Additional Article from Terry
In view of the postponement of meetings due to the virus, I am looking at actions that occurred on the actual date of the meetings. The first is below and is a report on the Actions at Hill 60 which occurred just before the commencement of 2nd Ypres when gas was used for the first time. The report has been extracted from the National Archives.
Hill 60
1. Report on action at Hill 60, 17-21 April 1915.
2. Hill 60, a small, steeply-escarped hill, enabled the enemy to see into the ground behind the 5th Division lines, and was useful to him as an observation station. Its capture would strengthen position.
3. Mining operations had been begun in the early part of March by Major Norton Griffiths RE and the 171st Mining Company, whilst the 28th Division was holding the line which the 5th Division now holds.

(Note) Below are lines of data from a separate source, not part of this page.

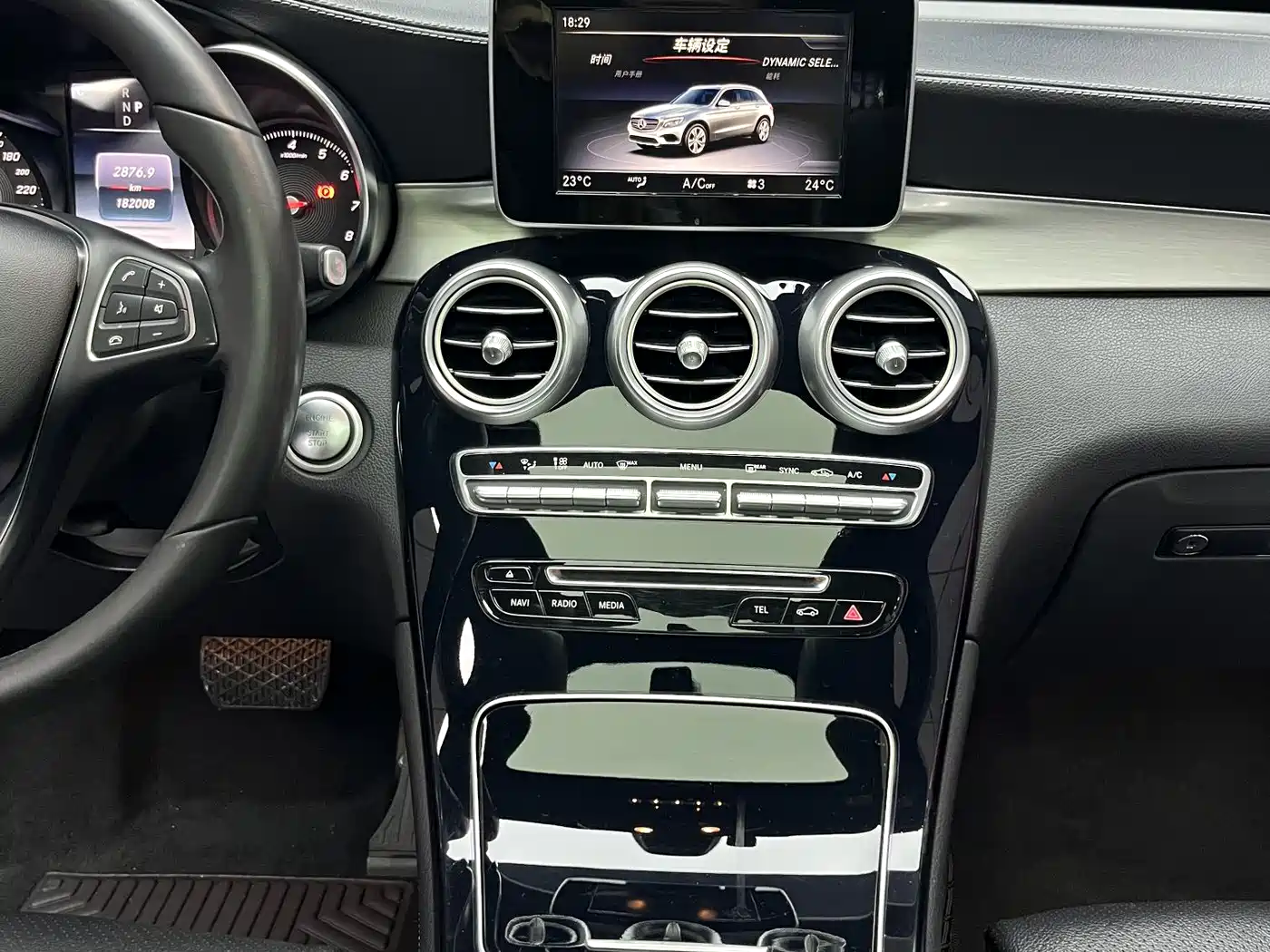 Mercedes-Benz GLC 2018 Facelift GLC 200 4MATIC фото 15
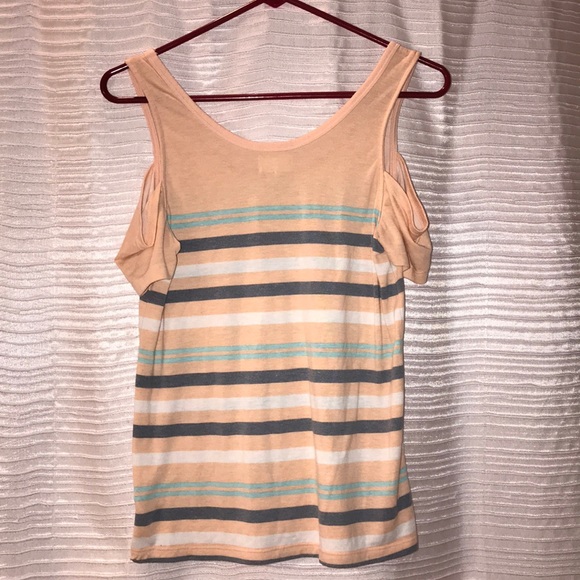 🍭 Cold shoulder striped top - Picture 4 of 4
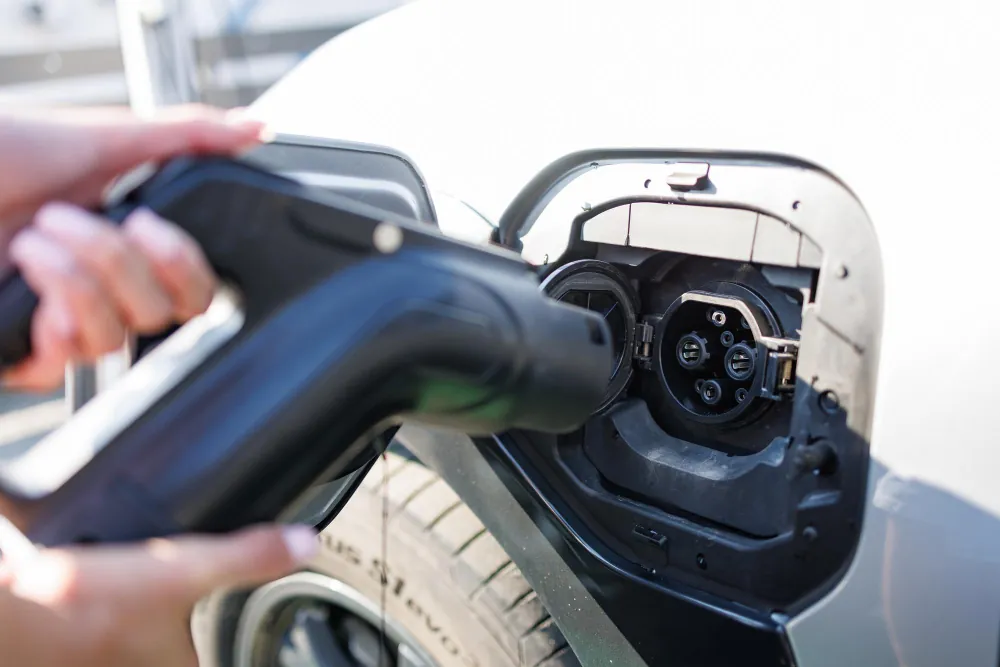Batteries électriques l’UE organise sa riposte industrielle face à la Chine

It is due to the ability with which these mining operations were carried out that the assault on the hill was so immediately successful, and that the loss during the actual assault was small.
4. For some days before the attack, the 15th Infantry Brigade – then holding the trenches – were engaged in preparing positions to enable the assaulting columns to assemble.
The 13th Infantry Brigade who were in reserve and part of which under Brig. General R. Wanless O’Gowan was to carry out the assault, were employed in rehearsing the assault on plans of our own and the enemy’s trenches, spitlocked out on the ground.
5. During the night 16th/17th, troops destined for the attack (2nd KOSB, 1st Royal West Kent Regt, and 2nd Home Cos. Co. RE), under command of Brig. General R.Wanless O’Gowan, were moved into position.
Mines were exploded at 7pm on April 17th, and the assault immediately took place and was successful. (Operation Order No.50 of 5th Division attached.)
6. Severe fighting ensued all night. The enemy kept up a constant and heavy artillery fire and attacked incessantly, using hand grenades freely, and with great effect.
At 1.30am on 18th, the Officer Commanding 1st Btn Royal West Kent Regt who had carried out the assault, reported that he had firmly established a good fire trench on the hill and dug two good communication trenches.
7. At 3.30am, the 2nd Btn KOSB relieved the 1st Btn Royal West Kents in the new trench. Owing to casualties amongst several senior officers at the time, it would appear that a little ground was lost during this relief.
At [in pencil – 5.30am] the 18th two companies of the 2nd Btn Duke of Wellington’s Regt were pushed up from ZILLEBEKE pond to the trenches, and were replaced at the latter place by two companies of the 2nd Btn KOYLI from YPRES.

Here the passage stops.